Algebraic Approaches to Partial Differential Equations

TL;DR

This book explores algebraic techniques for solving various partial differential equations, emphasizing exact solutions for physical models using symmetry methods, polynomial solutions, and linearization.

Contribution

It introduces novel algebraic methods and symmetry-based techniques for deriving exact solutions to a wide range of linear and nonlinear PDEs in physics and engineering.

Findings

Derived exact polynomial solutions for several PDEs

Applied Lie symmetry methods to generate multi-parameter solutions

Extended algebraic techniques to nonlinear PDEs in physics

Abstract

Partial differential equations are fundamental tools in mathematics,sciences and engineering.
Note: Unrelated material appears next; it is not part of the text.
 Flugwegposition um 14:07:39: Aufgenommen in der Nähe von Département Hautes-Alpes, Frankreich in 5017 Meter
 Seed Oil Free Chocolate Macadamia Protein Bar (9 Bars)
This book is mainly an exposition of the various algebraic techniques of solving partial differential equations for exact solutions developed by the author in recent years, with emphasis on physical equations such as: the Calogero-Sutherland model of quantum many-body system in one-dimension, the Maxwell equations, the free Dirac equations, the generalized acoustic system, the Kortweg and de Vries (KdV) equation, the Kadomtsev and Petviashvili (KP) equation, the equation of transonic gas flows, the short-wave equation, the Khokhlov and Zabolotskaya equation in nonlinear acoustics, the equation of geopotential forecast, the nonlinear Schrodinger equation and coupled nonlinear Schrodinger equations in optics, the Davey and Stewartson equations of three-dimensional packets of surface waves, the equation of the dynamic convection in a sea, the Boussinesq equations in geophysics, the incompressible Navier-Stokes equations and the classical boundary layer equations. In linear partial differential equations, we focus on finding all the polynomial solutions and solving the initial-value problems. Intuitive derivations of Lie symmetry of nonlinear partial differential equations are given. These symmetry transformations generate sophisticated solutions with more parameters from relatively simple ones. They are also used to simplify our process of finding exact solutions. We have extensively used moving frames, asymmetric conditions, stable ranges of nonlinear terms, special functions and linearizations in our approaches to nonlinear partial differential equations. The exact solutions we obtained usually contain multiple parameter functions and most of them are not of traveling-wave type.